■ Collected material ■
--------------------------------------------------

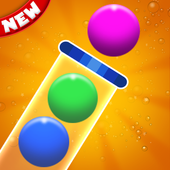 Color Bubble Sort Puzzle Game icon
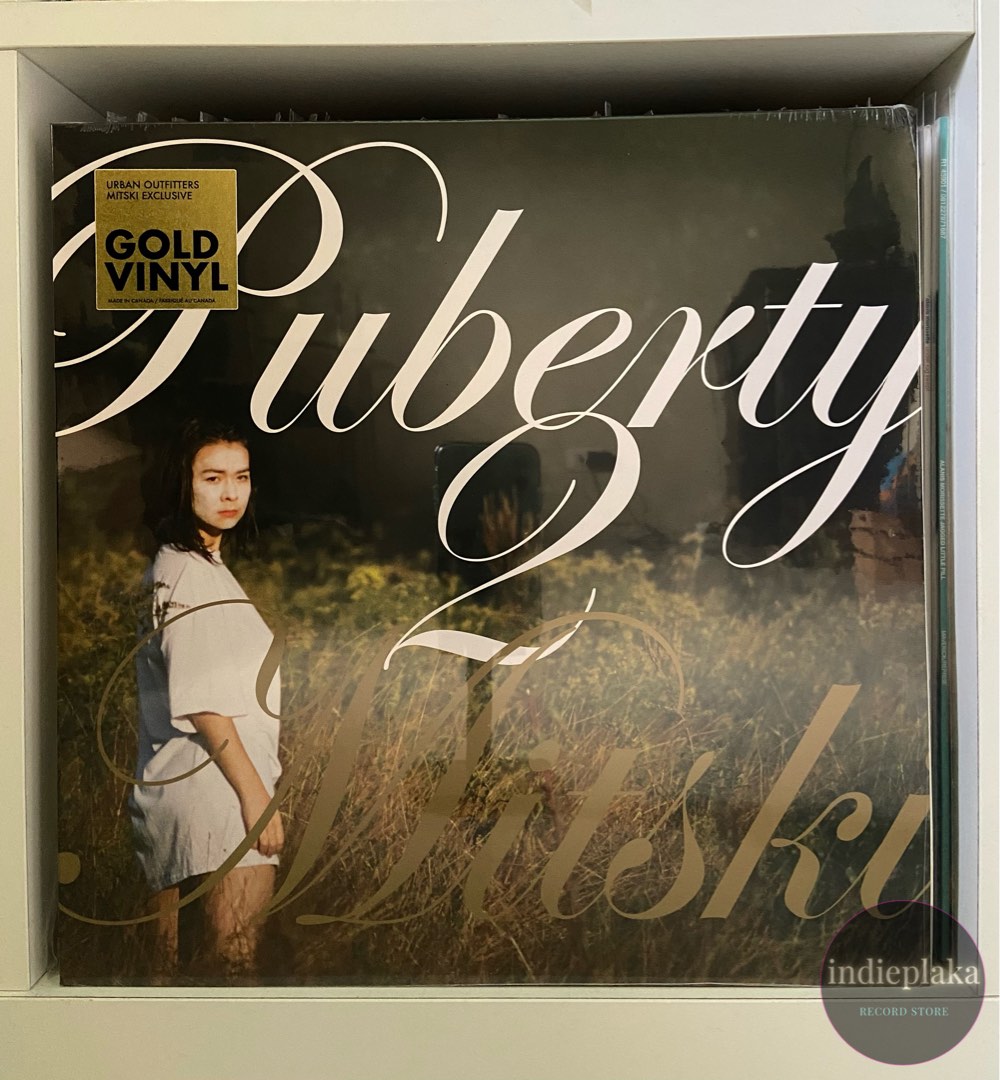 Mitski Puberty 2 Lp Uo Exclusive In Gold Vinyl Hobbies And Toys Music And Media Vinyls On 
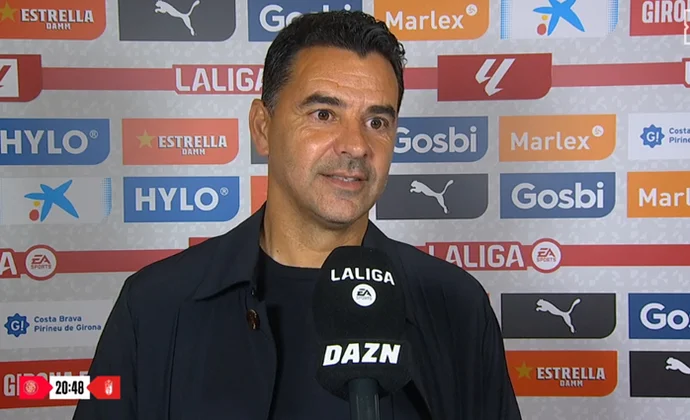 Míchel explica el motivo por el que Savio no es titular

--------------------------------------------------

■ Aim of the task ■
Each line above is to be copied verbatim. Drop any image from the copy.

■ Task solution ■
 Color Bubble Sort Puzzle Game icon
 Mitski Puberty 2 Lp Uo Exclusive In Gold Vinyl Hobbies And Toys Music And Media Vinyls On 
 Míchel explica el motivo por el que Savio no es titular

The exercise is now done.